The authors had full access to the data and take full responsibility for their integrity. All authors have read and agree to the manuscript as written.
Baseline and Procedural Characteristics
Baseline characteristics were similar among patients randomized to medical treatment, angioplasty, or surgery within the diabetic and nondiabetic subgroups, except by a higher prevalence of previous myocardial infarction in nondiabetic subjects treated with angioplasty (compared with nondiabetic subjects in the other treatment groups) (Table 1). When pooled over treatment groups, diabetic subjects had lower prevalence of males, higher prevalence of hypertension, higher ejection fraction, and higher fasting serum glucose (Table 1). Triglycerides tended to be higher and low-density lipoprotein cholesterol tended to be lower in diabetic subjects compared with nondiabetic subjects (Table 1).
The rates of revascularization of the three coronary territories at the index procedure (right coronary artery, left circumflex, and left anterior descending) were significantly lower in patients treated with angioplasty than in surgical patients, both among diabetic subjects and among nondiabetic subjects (Table 1).

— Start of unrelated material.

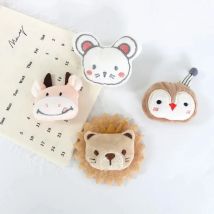 10PCS/Lot Cartoon Plush Calf Penguin Lion Mouse Cloth Patches Applique Crafts For Girl Garment Accessories And Bag Decoration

Overall, stents were used in >80% of patients randomized to percutaneous intervention and left internal mammary artery (IMA) or right IMA grafts were used in 95% of surgical patients (Table 1).
Patients were followed-up for an average period of 1702±452 days (median, 1840 days). The Figure shows the 5-year mortality curves for patients randomized to medical treatment, angioplasty, or surgery in the diabetic (Figure, A) and in the nondiabetic (Figure, B) subpopulations. The cumulative 5-year mortality was not significantly different among treatment groups within diabetic subjects (P=0.25 by log-rank) and within nondiabetic subjects (P=0.63 by log rank) (Figure).
To better-evaluate the clinical outcomes along the study, the mortality trends were separately analyzed for the first year of follow-up and for the next 4 years thereafter (years 2 to 5). Both time intervals had their respective hazard rates calculated, which is an estimate of the probability of death conditional on surviving to the start of the interval (Table 2). During the first year, the mortality was not statistically different among the treatment groups, both for nondiabetic subjects and for diabetic subjects (P=0.2 and P=0.5 by log-rank, respectively). Similarly, during the second period of the follow-up (years 2 to 5), the mortality of the 3 treatment groups was not different for nondiabetic subjects, when analyzing patients who have survived the first year of follow-up (P=0.5 by log rank). Conversely, among diabetic subjects, patients randomized to medical treatment (who had survived the first year) had a significant increase in mortality between years 2 and 5 (P=0.039), compared with patients treated with percutaneous intervention or surgery (with no difference in mortality between 2 and 5 years for angioplasty versus surgery; P=0.7).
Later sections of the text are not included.